Race wins to decide F1 title - FIA
The driver who wins most races this year will be Formula One champion even if someone else scores more points, the sport's governing body said on Tuesday.
The International Automobile Federation (FIA), which also presented a radical plan for teams to have more technical freedom in 2010 in exchange for a budget cap, said points would only decide the championship if drivers ended the season with the same number of victories.
The FIA's world motor sport council meeting in Paris rejected a proposal put forward by the Formula One Teams Association (FOTA) to change the scoring structure to a 12-9-7-5-4-3-2-1 points format from the existing 10-8-6-5-4-3-2-1.
Formula One supremo Bernie Ecclestone has been pushing for change since McLaren's Lewis Hamilton took last year's crown despite winning fewer races than Ferrari's Brazilian Felipe Massa.
Ecclestone had advocated awarding Olympic-style medals, with the winner of most golds taking the championship, but the FIA ruled that out.
The FIA said points would decide the championship standings from second place downwards while the constructors' championship stayed the same.
BUDGET CAP
With the global financial crisis tightening its grip on the sport, the FIA said teams would be allowed to compete with considerable technical freedom from 2010 providing they accepted a 30 million pounds ($42.18 million) budget cap.
"The aim is to make it easier for new teams to enter and also allow existing teams to participate on much reduced budgets should they so choose," the FIA said.
"In essence this is a choice between (1) the current freedom to spend and continued adherence to the existing technical constraints and (2) a new degree of freedom to innovate technically but with a severely restricted budget."
The immediate response from the teams was negative.
"FOTA would like to express its disappointment and concern at the fact these (decisions) have been taken in a unilateral manner," said FOTA and Ferrari president Luca di Montezemolo.
"The framework of the regulations as defined by the FIA, to be applicable as from 2010, runs the risk of turning on its head the very essence of Formula One and the principles that make it one of the most popular and appealing sports."
FIA president Max Mosley told his organisation's website (
Federation Internationale de l'Automobile) he was satisfied the cap was feasible, could be properly policed and had been carefully costed.
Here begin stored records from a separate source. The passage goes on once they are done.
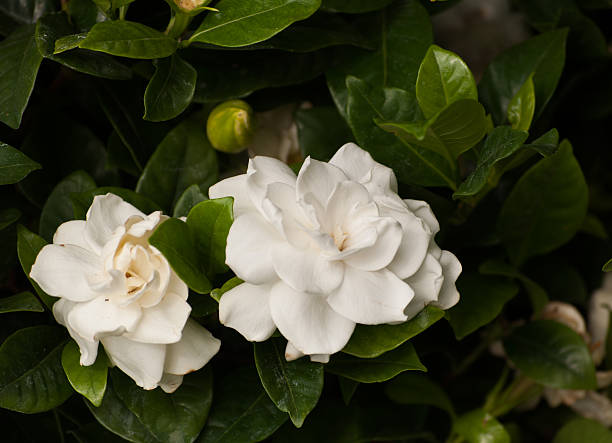 istock White Rose - symbolizes fidelity and probity 526282652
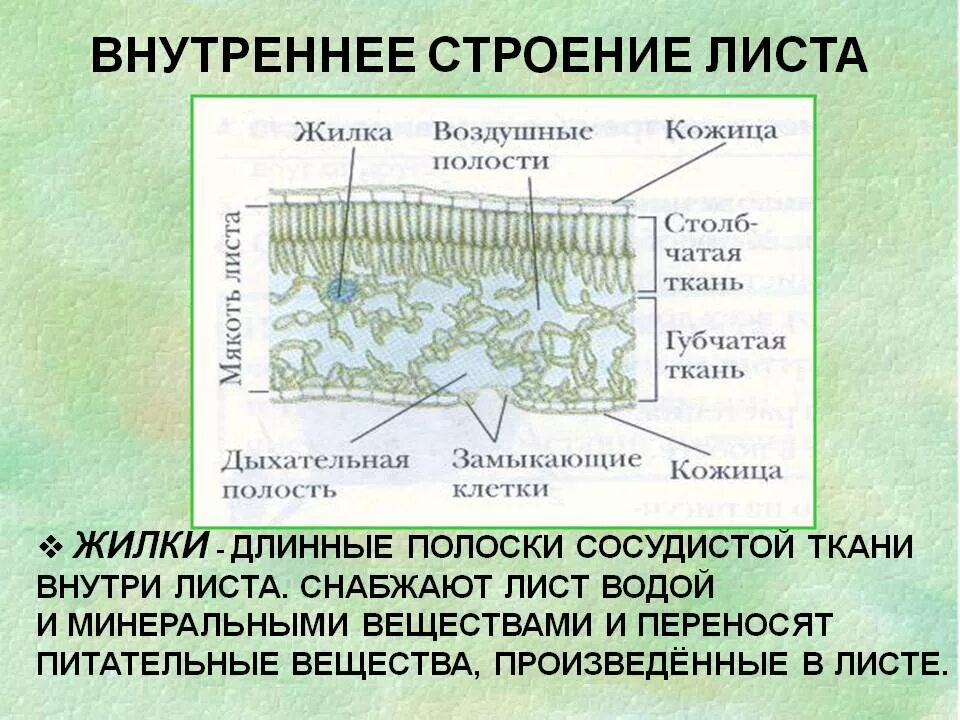 Жилка ткань. Внутренне строение листа биология. схема внутреннего строения листа биология. внутреннее строение листа и функции основная ткань. внутреннее клеточное строение листа.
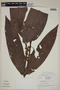 Calyptranthes nervata image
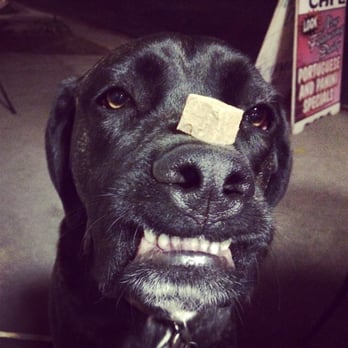 PetSmart - Balancing a treat which petsmart taught him. - Pet Stores Near Me - Rancho Cucamonga, California PetSmart - Balancing a treat which petsmart taught him. - Pet Stores Near Me - Rancho Cucamonga, California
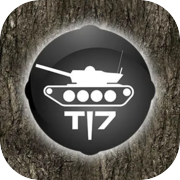 T17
"These rules will encourage clever engineering, success will come to the teams with the best ideas, not only the teams with the most money," he said.
Mosley said the cap would include the salaries of drivers and team principal and "everything except the motor home and any fines imposed by the FIA".
In return the teams would be freed from most of the existing restraints with a catch-all clause allowing the FIA to stop anything deemed to be against the spirit of the cap.
FOTA had presented its own proposals to halve the costs of competing next year compared to 2008 but Mosley said more drastic action was required following Honda's decision to withdraw from the sport.
"The worldwide economic crisis has worsened very significantly since (December)," he warned. "No one can say the situation will not deteriorate further in the coming months.
"If this happens we may lose other manufacturers or even independent teams despite their best intentions.
"If we wait and things get worse it will be too late."